SOMERSET, Pa. — Drivers on the Pennsylvania Turnpike couldn’t help but notice when eight massive windmills popped up on a ridge in Somerset. The turbines at the Green Mountain Wind Energy Center could generate up to 10 megawatts of power and were among the first in Pennsylvania.
Wind energy ramped up aggressively in the early 2000s, helped in part by the Alternative Energy Portfolio Standards Act passed by the state legislature in 2004. It required power companies to produce an increasing amount of energy from renewable sources, like solar, wind and biofuels, with a target of 18% by 2021.

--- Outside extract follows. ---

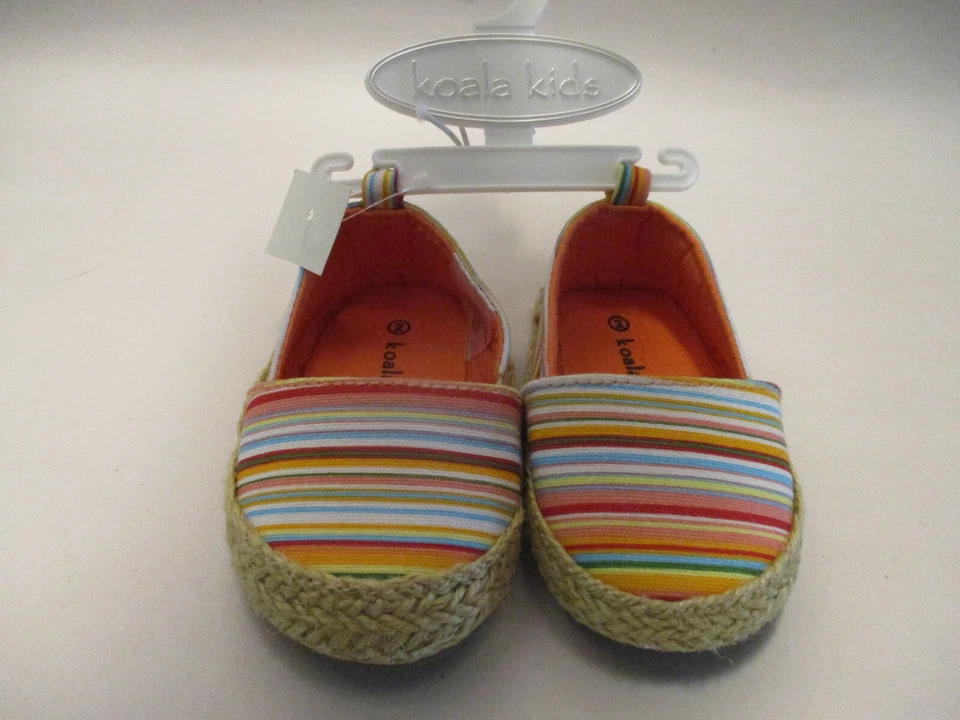 Nuevo con Etiqueta Koala Niños Pequeños Niñas 2M Sin Cordones Rayas Alpargata Zapatos Planos Foto 3 de 4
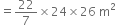 equals 22 over 7 cross times 24 cross times 26 space straight m squared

An unforeseen side effect of the requirements was that solar technology became significantly cheaper than the turbines first erected in the early 2000s. The wind power industry boom instead mostly moved to Great Plains states and coastal areas, where policies and conditions were more favorable.
As a result, operators of Pennsylvania’s first wind farm, the Green Mountain Wind Energy Center, couldn’t justify the operating costs of the older turbines. Though they were intended to provide power for 20 years, technological improvements rendered the first eight turbines obsolete ahead of schedule.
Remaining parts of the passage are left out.